Los vivos no han escuchado la palabra de Ezequiel. Ahora Dios le manda
dirigir su palabra a los muertos:
-Huesos secos,
escuchad la palabra de Yahveh (37,4).
Ezequiel como
actor habla, como espectador de la acción de Dios contempla asombrado el
resultado de su palabra, acompañada de la potencia creadora de Dios:
-Así dice el
Señor Yahveh a estos huesos: He aquí que yo voy a hacer entrar el
espíritu en vosotros, y viviréis. Os cubriré de nervios, haré crecer
sobre vosotros la carne, os cubriré de piel, os infundiré espíritu y
viviréis; y sabréis que yo soy Yahveh (37,5-6).
La palabra de
Ezequiel es palabra de profeta, lleva toda la fuerza de Dios, se hace
eficaz, suscitando el espíritu que da vida a los huesos secos. Como
quien no se cree lo que ve, Ezequiel constata: “Yo profeticé como se me
había ordenado, y mientras yo profetizaba se produjo un ruido. Hubo un
estremecimiento, y los huesos se juntaron unos con otros. Miré y vi que
estaban recubiertos de nervios, la carne salía y la piel se extendía por
encima, pero no había espíritu
en ellos”.
Como el día de la
creación, el proceso tiene dos tiempos. Primero Dios forma al hombre con
el barro de la tierra y luego le infunde el soplo de vida. Aquí no se
parte del barro, sino de los huesos, que se ajustan unos con otros y se
recubren de carne, nervios y piel, pero aún están sin vida. Por ello
sigue Ezequiel narrando lo que hace y lo que contempla. Siente como un
hormigueo de vida que penetra piel, huesos, carne, nervios, según sale
de sus labios la palabra de Dios, que penetra en su oído:
-Profetiza al espíritu, profetiza, hijo de hombre. Dirás al espíritu: Así dice el Señor Yahveh: Ven, espíritu, de los cuatro vientos, y sopla sobre estos muertos para que vivan (37,9).
El término hebreo
ruah significa, a la vez, viento y espíritu; de ahí el juego de
palabras: “desde los cuatro vientos, ven, Espíritu” (37,9). Con el
Espíritu germina la vida. Si el hombre “exhala el espíritu” muere; si
Dios, le infunde su Espíritu, el hombre revive. El hombre, recreado por
el Espíritu de Dios, vuelve a la vida, a una vida nueva, a una vida
según el Espíritu (Rm 8,4). De nuevo Ezequiel experimenta el asombro del
don de la vida, los cadáveres se alzan del suelo y se ponen de pie,
resucitados:
-Yo profeticé
como se me había ordenado, y el espíritu entró en ellos; revivieron y se
pusieron en pie: era una muchedumbre inmensa (37,10).
A la acción sigue
la palabra que la aclara. La visión se hace parábola. Así la palabra se
hace palabra eterna, con eficacia para todos los tiempos. Entonces me
dijo:
-Hijo de hombre,
estos huesos son toda la casa de Israel. Ellos andan diciendo: Se han
secado nuestros huesos, se ha desvanecido nuestra esperanza, todo ha
acabado para nosotros (37,11).
A la casa de
Israel, al pueblo de Dios, disperso entre las naciones, con la tierra
prometida convertida en un cúmulo de ruinas, al pueblo que se halla
sumido en la desesperanza y ha perdido el sentido de la vida, Dios le
dice por su profeta:
-He aquí que yo
abro vuestras tumbas; os haré salir de vuestras tumbas, pueblo mío, y os
llevaré de nuevo al suelo de Israel. Sabréis que yo soy Yahveh cuando
abra vuestras tumbas y os haga salir de vuestras tumbas, pueblo mío.

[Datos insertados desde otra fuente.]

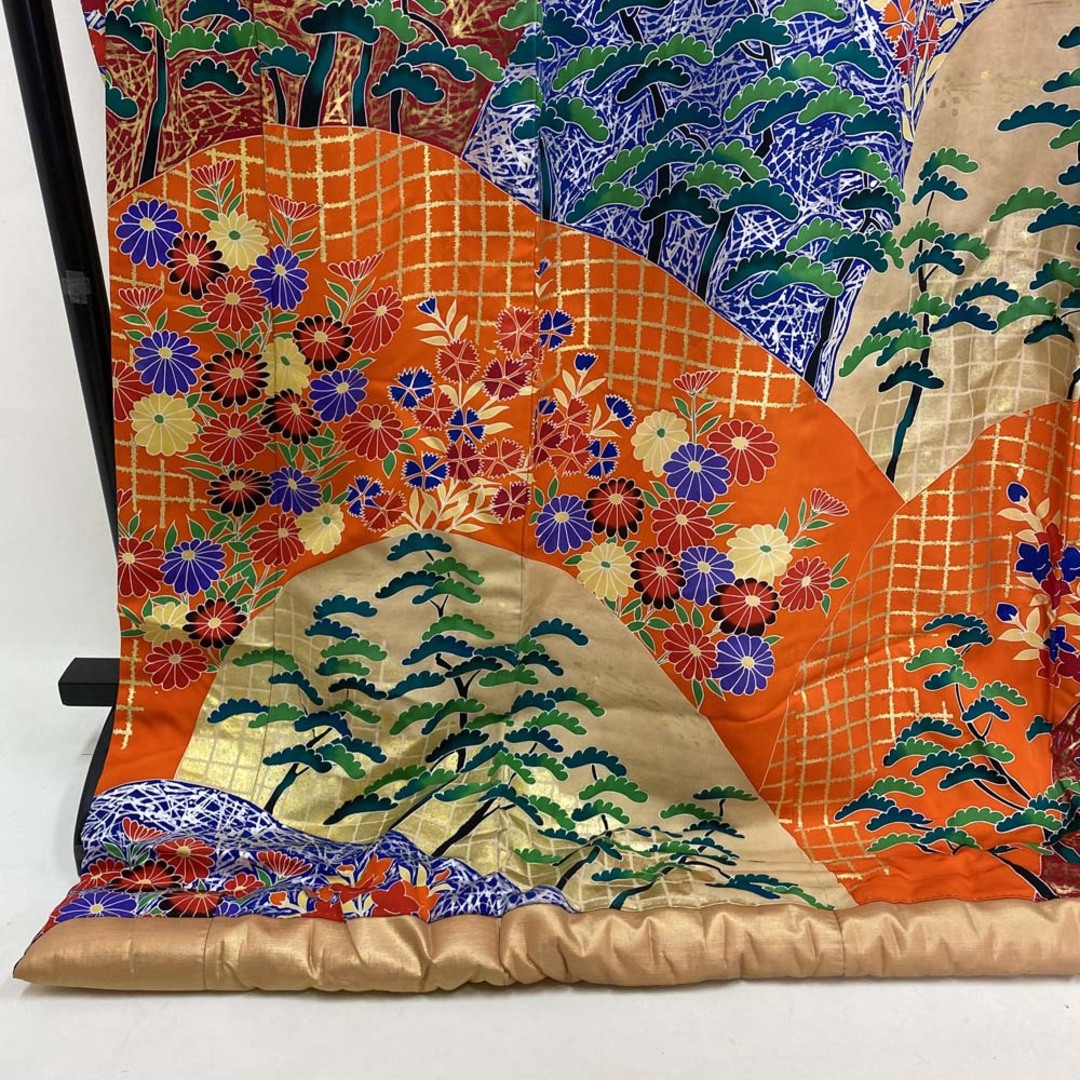 色打掛 正絹 鶴 刺繍 金 打掛 Lサイズ 裄67 花嫁衣裳 婚礼 色打掛 正絹 鶴 刺繍 金 打掛 Lサイズ 裄67 花嫁衣裳 婚礼
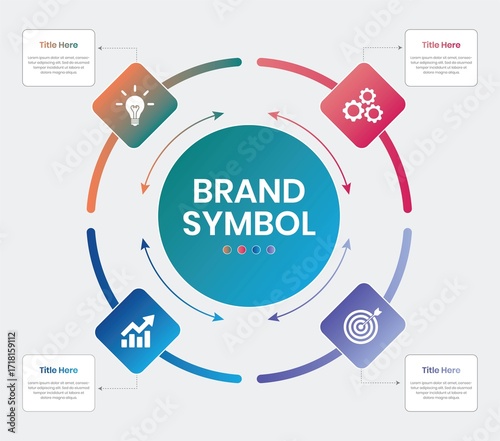 Circular infographic template with four steps and business icons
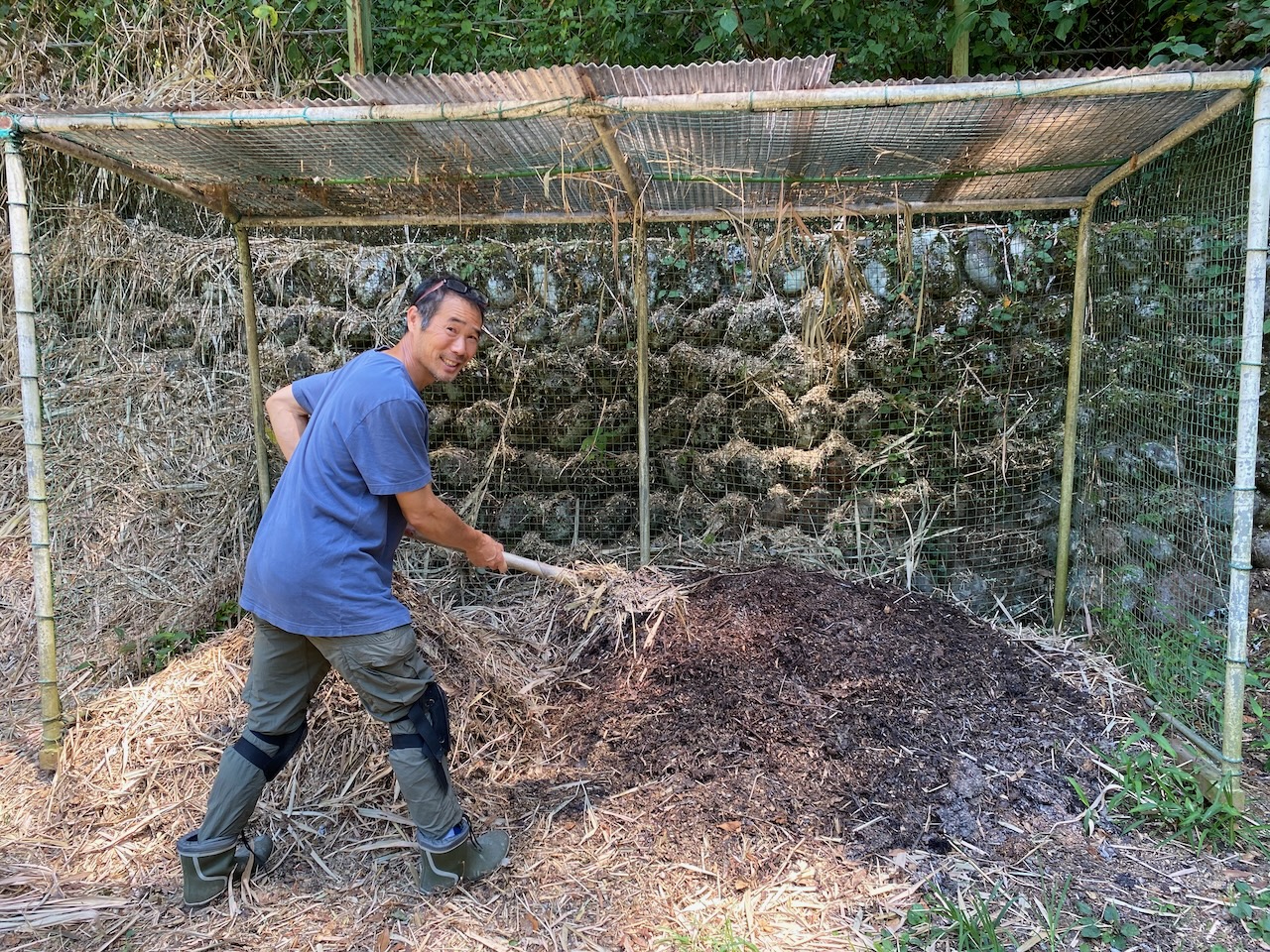 Repurposed soccer-goal structure used at the composting area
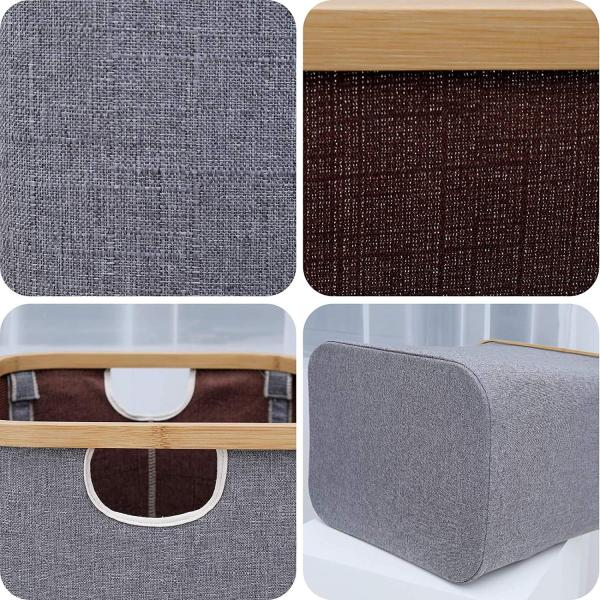 Nordic Simplicity Canvas Rectangular Bamboo Hamper / Laundry Organizer 17.5x15.75x13''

Infundiré mi espíritu en vosotros y viviréis; os estableceré en vuestro
suelo, y sabréis que yo, Yahveh, lo digo y lo hago, oráculo de Yahveh
(37,12-14).
Dios hace “salir
de las tumbas” a su pueblo. Dios, para formar su pueblo, le hizo “salir
de Egipto”, que era como una tumba para los hebreos. Ahora, en la
recreación de su pueblo, Dios les hace salir de la muerte, para
llevarles en un nuevo éxodo a la tierra. Dios le repite a Ezequiel las
palabras que en otro tiempo dijo a Moisés: “Anda, sube de aquí, tú y el
pueblo que sacaste de Egipto, a la tierra que yo prometí con juramento a
Abraham, a Isaac y a Jacob” (Ex 33,1).
La metáfora pasa de huesos a tumbas. Dios, creador de la vida, es igualmente
vencedor de la muerte. El sólo desea que su pueblo viva, que viva
reconociéndole como dador de vida mediante su espíritu. Este es el mensaje
de Pascua que celebra la liturgia cristiana. En la Vigilia Pascual resuena
con toda su fuerza esta página del profeta Ezequiel.
Ezequiel anuncia la restauración de Israel en el momento en que ha perdido
toda esperanza. Cuando el pueblo se siente muerto, Ezequiel le anuncia que
Dios le puede hacer renacer. Este significado literal del texto, en la
lectura de Israel y de los Padres de la Iglesia, se carga de un significado
más profundo, anunciando una esperanza plena: la resurrección de los
muertos. A la pregunta de Dios ¿pueden revivir estos huesos?, Ezequiel
responde: sólo tu lo sabes. Con esta respuesta, Ezequiel pone la
resurrección en manos del Dios vivo y dador de vida: “Así sabréis que yo soy
Yahveh, que lo dije y lo hice” (37,14).
La liturgia cristiana propone también este texto como posible lectura en las
misas de difuntos, como expresión de la fe en la resurrección. Aunque no sea
ese el sentido originario de la narración, Ezequiel ha creado un símbolo que
desborda su misma intención. Proponiendo el viento, es decir, el espíritu
como principio de vida, el profeta ha dado expresión a las ansias más
radicales del hombre, al mensaje más gozoso de la revelación. La victoria de
la vida sobre la muerte es el mensaje de Pascua. Es legítimo proclamar esta
palabra a la luz de Cristo resucitado como símbolo de la resurrección.